On retrouve bien sûr les obsessions habituelles de Cronenberg, qu’elles soient charnelles ou intellectuelles. La quête suicidaire du héros dans un New York d’apocalypse n’est en effet pas éloignée des thèmes habituellement développés par le cinéaste.
En revanche, il est incontestable que le film s’avère extrêmement verbeux et qu’on peut très vite se sentir dépassé. Sa nature expérimentale s’accorde en tout cas avec le point de vue négatif du cinéaste, et transforme Cosmopolis en un essai philosophique réussi qui s’attaque aux fondements du monde moderne, –et pas seulement ceux de la finance. Cette dystopie prémonitoire de DeLillo tourne à l’allégorie visuelle d’un monde dépendant de la technologie, prisonnier de la Bourse et hautement paranoïaque tout en noyant le spectateur sous un discours volontairement abscons et invasif. La musique oppressante d’Howard Shore donne le coup de grâce.

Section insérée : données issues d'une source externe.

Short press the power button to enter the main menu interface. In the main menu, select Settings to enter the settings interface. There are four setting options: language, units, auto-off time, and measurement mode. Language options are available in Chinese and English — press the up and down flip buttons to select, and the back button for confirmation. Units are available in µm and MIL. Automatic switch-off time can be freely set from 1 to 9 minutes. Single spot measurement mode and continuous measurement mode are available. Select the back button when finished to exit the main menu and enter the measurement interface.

Le talent de Cronenberg est présent dans tous les plans, mais on pourrait paradoxalement le lui reprocher. Tout est trop. Trop claustrophobe, trop orchestré, trop évident, trop fidèle au roman. On se prend à regretter qu’il n’ait pas pris le parti d’explorer davantage son personnage principal, qu’il ne l’ait pas fait sien en quelque sorte, en revenant sur les raisons qui en ont fait cet étranger à lui-même et au monde. Car tout comme dans le livre, on sent que tout peut arriver, mais au final, rien ne se passe.
Une chose est sûre, ne vous attendez pas à aller voir un nouveau Wall Street ou un thriller sur le monde de la finance, car ce cauchemar métaphysique est l’un des films les plus étranges du maître de Toronto.
Cosmopolis
Sortie : 25 mai 2012
Drame de David Cronenberg avec Robert Pattinson, Juliette Binoche, Sarah Gadon, Mathieu Amalric, Jay Baruchel, Kevin Durand, K’Naan, Emily Hampshire, Samantha Morton, Jay Baruchel, Paul Giamatti.